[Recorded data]
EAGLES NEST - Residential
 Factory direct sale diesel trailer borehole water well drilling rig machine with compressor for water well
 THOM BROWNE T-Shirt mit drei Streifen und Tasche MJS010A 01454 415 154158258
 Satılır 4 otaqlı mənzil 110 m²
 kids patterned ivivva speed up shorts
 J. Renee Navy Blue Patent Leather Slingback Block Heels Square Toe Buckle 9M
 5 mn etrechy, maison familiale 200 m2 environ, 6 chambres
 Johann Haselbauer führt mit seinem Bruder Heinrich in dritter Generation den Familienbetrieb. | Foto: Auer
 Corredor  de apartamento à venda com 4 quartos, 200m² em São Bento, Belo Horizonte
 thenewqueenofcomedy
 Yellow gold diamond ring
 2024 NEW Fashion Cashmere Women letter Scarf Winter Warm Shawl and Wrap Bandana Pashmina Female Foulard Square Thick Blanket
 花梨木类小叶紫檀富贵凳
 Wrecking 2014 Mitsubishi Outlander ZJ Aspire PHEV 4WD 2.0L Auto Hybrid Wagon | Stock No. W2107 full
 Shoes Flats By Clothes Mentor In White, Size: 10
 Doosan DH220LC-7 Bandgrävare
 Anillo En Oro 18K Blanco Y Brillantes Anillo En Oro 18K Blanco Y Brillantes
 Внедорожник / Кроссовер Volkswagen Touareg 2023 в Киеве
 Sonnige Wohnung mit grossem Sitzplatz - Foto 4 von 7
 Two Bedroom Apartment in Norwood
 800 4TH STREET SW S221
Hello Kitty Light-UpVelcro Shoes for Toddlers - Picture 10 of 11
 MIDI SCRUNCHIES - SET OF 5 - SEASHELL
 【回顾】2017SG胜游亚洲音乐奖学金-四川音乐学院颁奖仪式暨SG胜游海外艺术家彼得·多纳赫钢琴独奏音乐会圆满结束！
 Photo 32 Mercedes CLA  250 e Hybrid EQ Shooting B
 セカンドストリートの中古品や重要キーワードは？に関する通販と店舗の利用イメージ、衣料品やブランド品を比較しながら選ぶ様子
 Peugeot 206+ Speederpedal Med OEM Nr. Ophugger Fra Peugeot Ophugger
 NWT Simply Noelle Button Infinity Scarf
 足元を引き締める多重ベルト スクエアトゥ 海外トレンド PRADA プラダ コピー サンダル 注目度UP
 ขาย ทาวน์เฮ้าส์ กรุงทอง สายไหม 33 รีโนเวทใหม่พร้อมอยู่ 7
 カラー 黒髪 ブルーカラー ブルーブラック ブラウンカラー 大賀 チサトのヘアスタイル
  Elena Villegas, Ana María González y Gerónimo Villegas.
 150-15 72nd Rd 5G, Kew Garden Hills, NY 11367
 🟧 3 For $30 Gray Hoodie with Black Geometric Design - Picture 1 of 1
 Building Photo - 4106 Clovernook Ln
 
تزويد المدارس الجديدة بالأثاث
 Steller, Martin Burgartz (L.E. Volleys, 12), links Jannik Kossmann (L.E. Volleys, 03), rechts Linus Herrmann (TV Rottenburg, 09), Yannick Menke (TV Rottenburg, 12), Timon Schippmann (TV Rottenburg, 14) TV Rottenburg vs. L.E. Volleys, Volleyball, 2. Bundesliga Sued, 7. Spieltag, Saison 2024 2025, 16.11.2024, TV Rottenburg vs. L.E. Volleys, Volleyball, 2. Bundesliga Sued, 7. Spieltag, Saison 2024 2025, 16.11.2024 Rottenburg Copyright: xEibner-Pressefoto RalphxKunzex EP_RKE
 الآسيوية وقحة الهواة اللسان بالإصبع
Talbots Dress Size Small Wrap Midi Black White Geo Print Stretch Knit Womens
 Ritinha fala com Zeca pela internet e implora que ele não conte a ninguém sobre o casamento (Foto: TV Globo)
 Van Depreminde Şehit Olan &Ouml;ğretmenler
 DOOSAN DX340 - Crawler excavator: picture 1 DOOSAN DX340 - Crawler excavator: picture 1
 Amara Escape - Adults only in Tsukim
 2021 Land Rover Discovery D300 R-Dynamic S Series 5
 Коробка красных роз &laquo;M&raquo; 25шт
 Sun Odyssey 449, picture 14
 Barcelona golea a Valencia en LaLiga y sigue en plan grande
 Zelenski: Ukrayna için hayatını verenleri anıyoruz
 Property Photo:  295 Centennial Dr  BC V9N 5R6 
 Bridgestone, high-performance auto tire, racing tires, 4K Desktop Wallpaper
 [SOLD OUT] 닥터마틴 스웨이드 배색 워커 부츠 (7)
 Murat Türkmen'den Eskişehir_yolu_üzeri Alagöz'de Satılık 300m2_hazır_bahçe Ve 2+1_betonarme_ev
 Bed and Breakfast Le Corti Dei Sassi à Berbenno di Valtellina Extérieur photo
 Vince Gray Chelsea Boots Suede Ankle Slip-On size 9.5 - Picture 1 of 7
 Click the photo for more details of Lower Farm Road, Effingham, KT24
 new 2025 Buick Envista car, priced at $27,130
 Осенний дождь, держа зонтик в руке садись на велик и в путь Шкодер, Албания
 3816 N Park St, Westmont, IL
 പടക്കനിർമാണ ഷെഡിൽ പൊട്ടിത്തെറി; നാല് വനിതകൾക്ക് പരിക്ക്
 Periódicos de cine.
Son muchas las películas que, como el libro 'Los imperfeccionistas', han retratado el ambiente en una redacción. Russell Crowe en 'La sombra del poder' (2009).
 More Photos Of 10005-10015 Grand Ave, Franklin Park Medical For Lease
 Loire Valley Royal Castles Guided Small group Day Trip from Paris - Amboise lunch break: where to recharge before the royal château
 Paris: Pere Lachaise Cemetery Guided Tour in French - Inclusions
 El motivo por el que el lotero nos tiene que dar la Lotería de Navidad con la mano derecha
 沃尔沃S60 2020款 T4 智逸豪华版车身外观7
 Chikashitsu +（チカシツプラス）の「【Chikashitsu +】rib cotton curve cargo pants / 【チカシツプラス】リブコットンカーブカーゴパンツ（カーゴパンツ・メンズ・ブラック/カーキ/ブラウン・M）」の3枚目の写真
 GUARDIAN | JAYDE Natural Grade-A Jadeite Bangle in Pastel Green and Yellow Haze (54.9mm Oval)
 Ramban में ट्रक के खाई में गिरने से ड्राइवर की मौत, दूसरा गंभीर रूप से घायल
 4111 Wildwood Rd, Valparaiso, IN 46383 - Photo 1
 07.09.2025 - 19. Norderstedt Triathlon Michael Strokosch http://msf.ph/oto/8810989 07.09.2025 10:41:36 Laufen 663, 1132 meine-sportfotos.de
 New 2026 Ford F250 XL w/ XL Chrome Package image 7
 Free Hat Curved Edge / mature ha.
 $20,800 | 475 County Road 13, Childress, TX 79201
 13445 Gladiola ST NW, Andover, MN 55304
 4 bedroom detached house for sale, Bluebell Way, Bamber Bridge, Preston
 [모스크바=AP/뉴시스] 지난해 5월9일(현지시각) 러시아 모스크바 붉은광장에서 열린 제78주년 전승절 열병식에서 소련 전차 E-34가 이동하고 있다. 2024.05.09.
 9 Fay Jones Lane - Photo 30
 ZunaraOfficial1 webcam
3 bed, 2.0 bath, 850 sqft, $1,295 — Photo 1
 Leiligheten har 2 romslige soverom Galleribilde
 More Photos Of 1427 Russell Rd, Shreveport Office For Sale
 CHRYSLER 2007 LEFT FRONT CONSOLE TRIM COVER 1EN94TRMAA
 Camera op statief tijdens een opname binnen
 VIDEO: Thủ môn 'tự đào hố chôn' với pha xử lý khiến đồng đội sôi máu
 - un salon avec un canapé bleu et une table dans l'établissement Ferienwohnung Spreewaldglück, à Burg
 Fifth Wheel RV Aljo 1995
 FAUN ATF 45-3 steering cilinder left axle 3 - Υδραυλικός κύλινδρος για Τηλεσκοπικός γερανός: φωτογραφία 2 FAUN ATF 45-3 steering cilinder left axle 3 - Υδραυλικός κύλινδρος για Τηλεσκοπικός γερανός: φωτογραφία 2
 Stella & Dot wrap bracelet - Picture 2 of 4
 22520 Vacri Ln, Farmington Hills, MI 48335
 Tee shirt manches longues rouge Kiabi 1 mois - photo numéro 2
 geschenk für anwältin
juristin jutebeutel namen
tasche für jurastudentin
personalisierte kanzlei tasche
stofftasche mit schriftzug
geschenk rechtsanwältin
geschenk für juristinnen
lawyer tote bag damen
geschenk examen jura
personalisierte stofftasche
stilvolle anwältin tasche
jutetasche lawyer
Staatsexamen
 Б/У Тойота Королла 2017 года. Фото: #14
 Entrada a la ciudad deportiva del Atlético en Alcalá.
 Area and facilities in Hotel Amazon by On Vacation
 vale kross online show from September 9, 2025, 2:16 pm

WORK REQUEST: Going through the records above, state how many lines include the word "Guided", and give no other text.

RESULT OF THIS EXERCISE: 2